It would appear to be some kind of misunderstanding, that inspired Gary Mitchell's similar action in "Where No Man Has Gone Before" - probably nobody told the director of the second pilot how to correctly interpret Spock's gesture in "The Cage".

After that they fixed it - unfortunately...

Bob
 
For what it's worth, QWERTY lives on in the alternate reality!
qwerty_trek.jpg
 
I think for a specific set of commands, such as showing a list of local starbases; in the same way you would select a menu option in word to create a mail merge then the idea of a console with a set of function buttons becomes useful.

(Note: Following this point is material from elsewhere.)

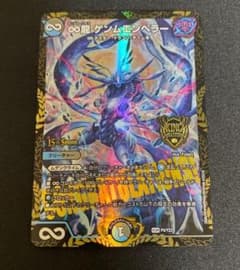 ∞龍 ゲンムエンペラー CSプロモ１枚 最安値】 ∞龍 ゲンムエンペラー CS プロモ - メルカリ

As soon as you're in a program with a specific function, then toolbar shortcuts can become your new keyboard.

Current computers serve more than one purpose, where a star trek terminal has a specific requirement. Also, the data on this planet isn't organised in a well enough fashion that we can provide a single form of interacting with it with what amounts to shortcuts.

As soon as information becomes uniformly organised (and the extremely unlikely concept that a computer has a requirement for a single set of tasks ) then we'll start seeing changes on a commercial scale.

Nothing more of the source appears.